Publication ,  Journal Article
Matzaraki, V; Le, KTT; Jaeger, M; Aguirre-Gamboa, R; Johnson, MD; Sanna, S; Rosati, D; Franke, L; Zhernakova, A; Fu, J; Withoff, S; Jonkers, I ...
Published in: Front Immunol
2021

Circulatory inflammatory proteins play a significant role in anti-Candida host immune defence. However, little is known about the genetic variation that contributes to the variability of inflammatory responses in response to C. albicans. To systematically characterize inflammatory responses in Candida infection, we profiled 91 circulatory inflammatory proteins in peripheral blood mononuclear cells (PBMCs) stimulated with C. albicans yeast isolated from 378 individuals of European origin from the 500 Functional Genomics (500FG) cohort of the Human Functional Genomics Project (HFGP) and Lifelines Deep cohort. To identify the genetic factors that determine variation in inflammatory protein responses, we correlated genome-wide single nucleotide polymorphism (SNP) genotypes with protein abundance (protein quantitative trait loci, pQTLs) produced by the Candida-stimulated PBMCs. Furthermore, we investigated whether differences in survival of candidaemia patients can be explained by modulating levels of inflammatory proteins.
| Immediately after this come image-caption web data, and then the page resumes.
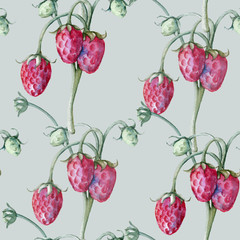 Background of strawberry on a branch. Seamless pattern
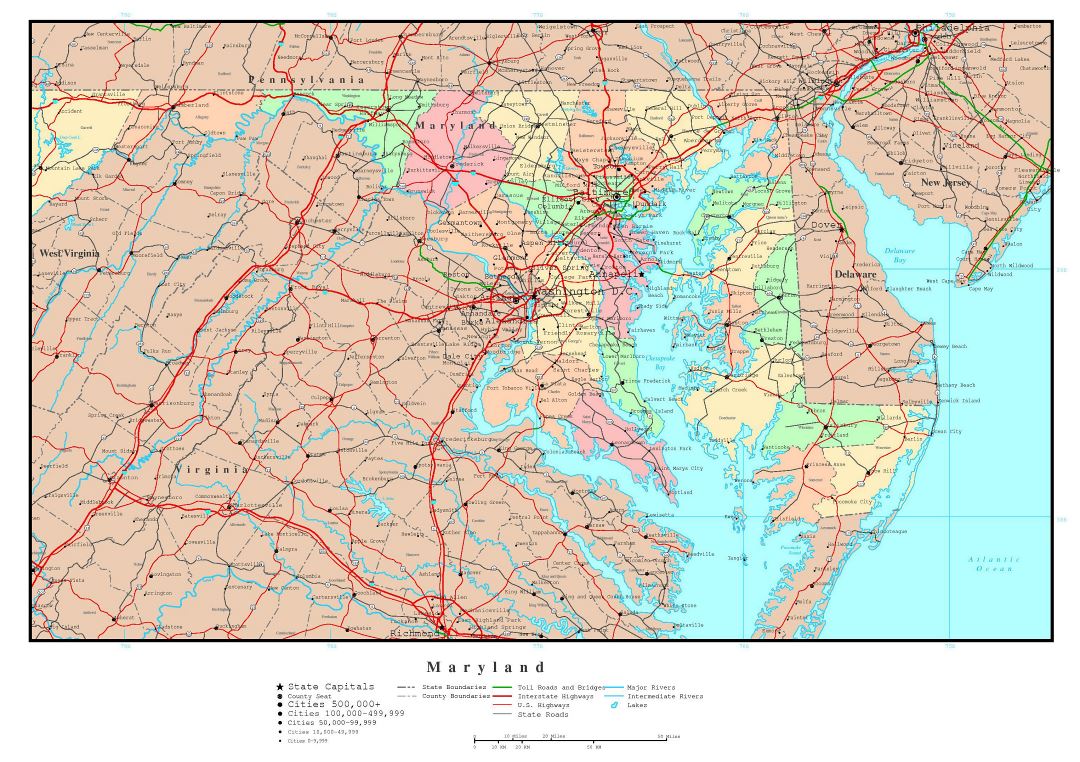 Large detailed administrative map of Maryland state with roads, highways and major cities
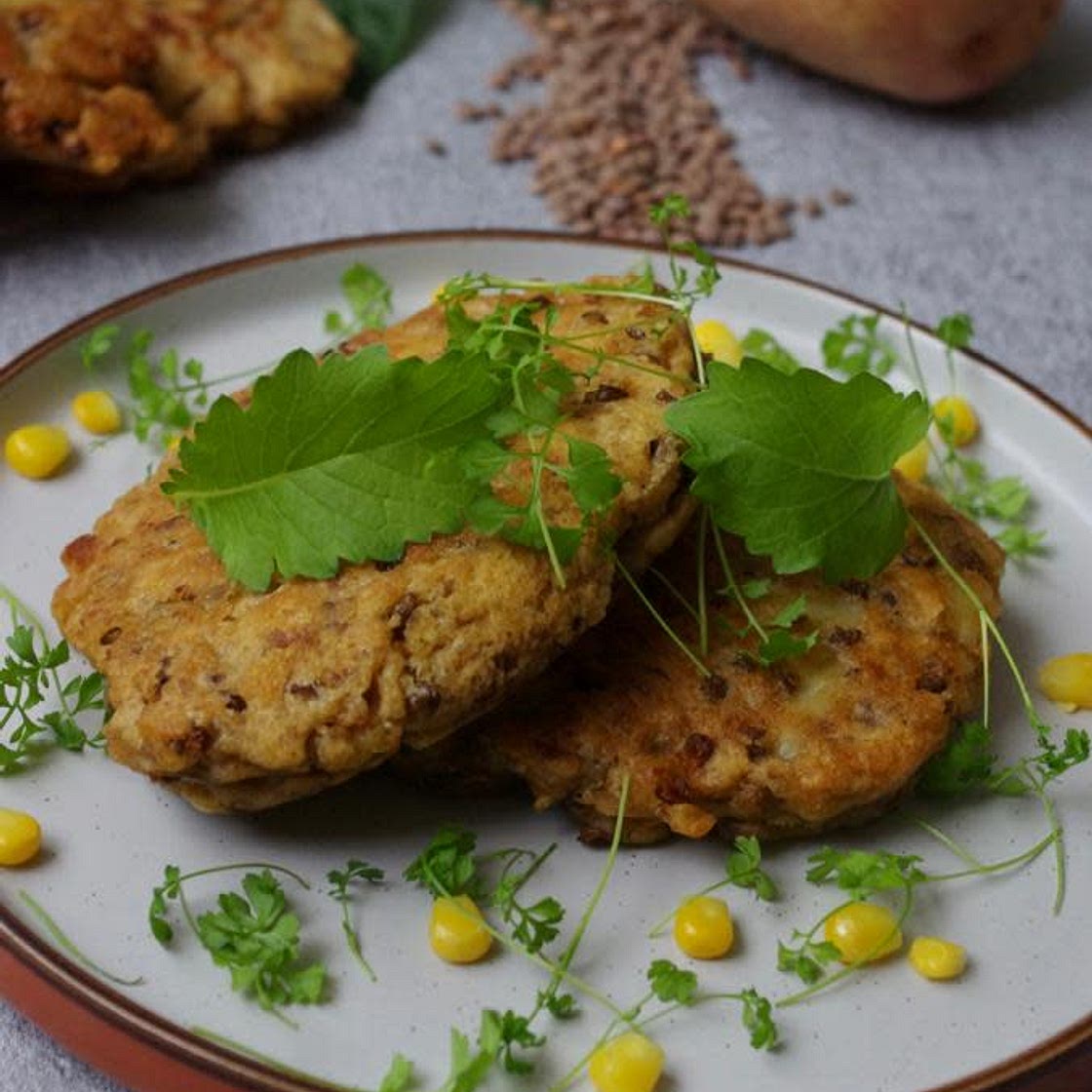 Lentil & potato fritters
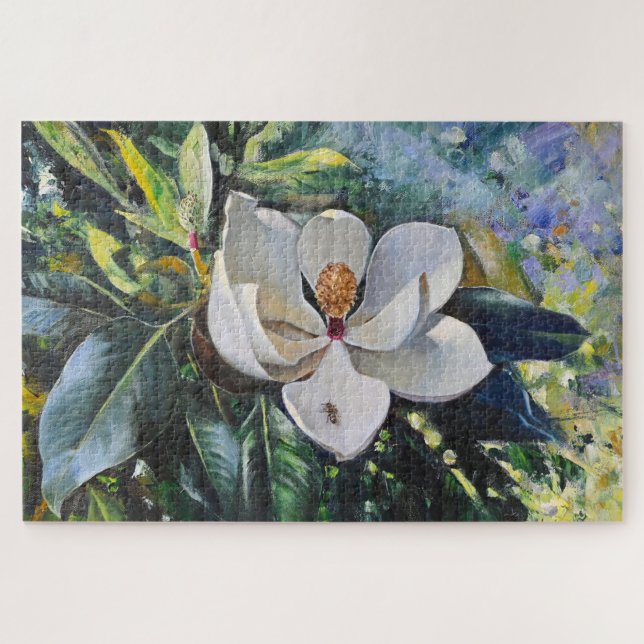 Quebra-cabeça Óleo de Flor de Magnólia Pintura da Harmonia da Na (Horizontal)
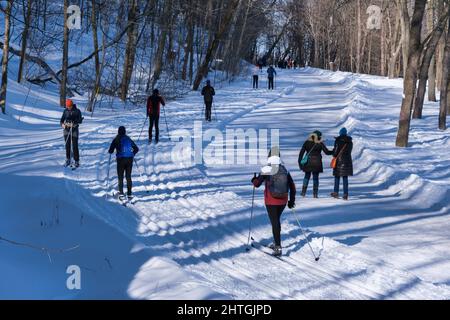 Montréal, CA - 26 février 2022 : personnes marchant ou skiant sur un sentier enneigé dans le parc du Mont-Royal de Montréal (Parc du Mont-Royal) après une tempête de neige. Banque D'Images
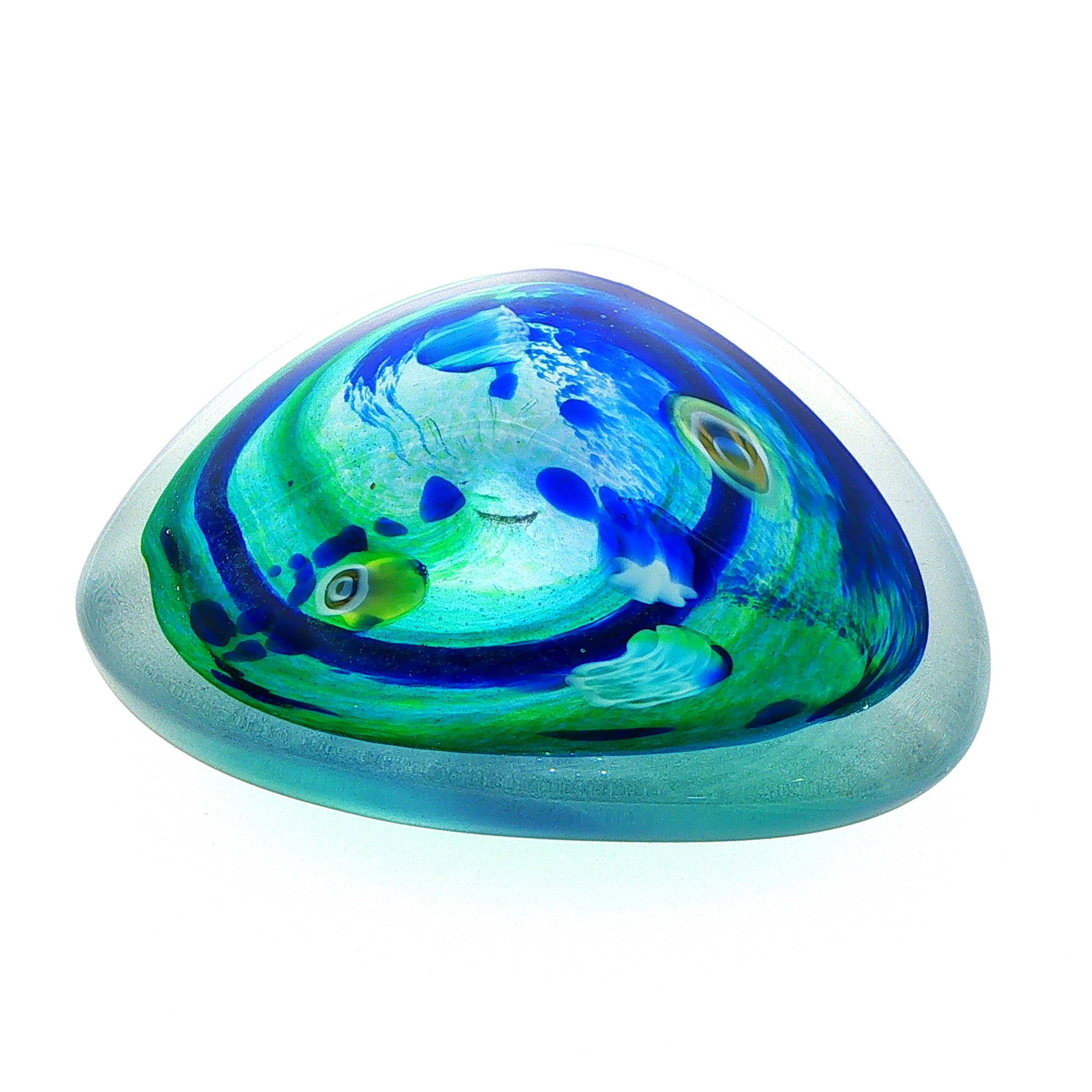 MA-018 Sea Abstract Swirl Art Glass Decorative Paperweight Large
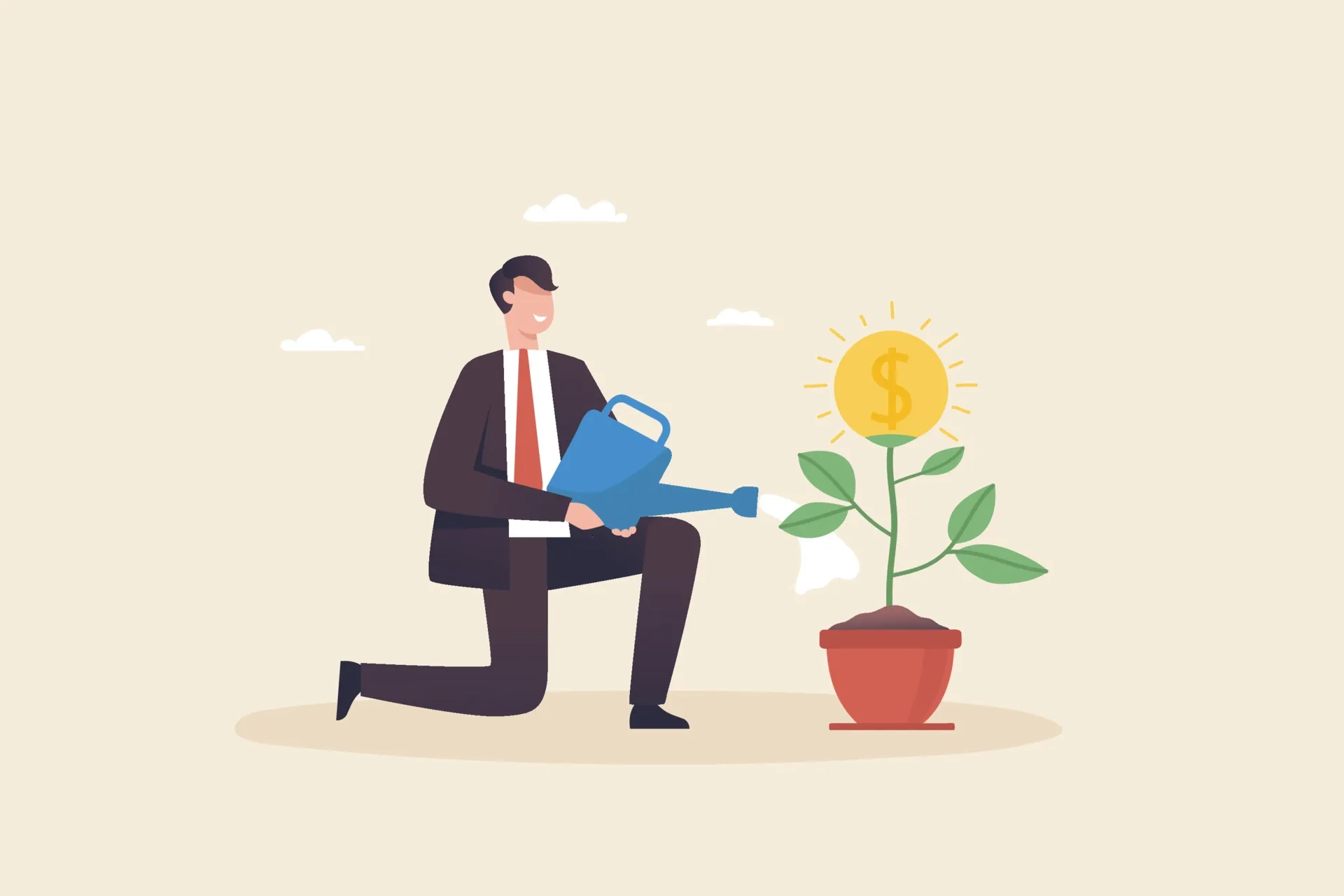 Ilustração de empresário regando planta com moeda em destaque, metáfora de crescimento financeiro e investimento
We identified five genome-wide significant pQTLs that modulate IL-8, MCP-2, MMP-1, and CCL3 in response to C. albicans. In addition, our genetic analysis suggested that GADD45G from rs10114707 locus that reached genome-wide significance could be a potential core gene that regulates a cytokine network upon Candida infection. Last but not least, we observed that a trans-pQTL marked from SNP rs7651677 at chromosome 3 that influences urokinase plasminogen activator (uPA) is strongly associated with patient survival (Psurvival = 3.52 x 10-5, OR 3). Overall, our genetic analysis showed that genetic variation determines the abundance of circulatory proteins in response to Candida infection.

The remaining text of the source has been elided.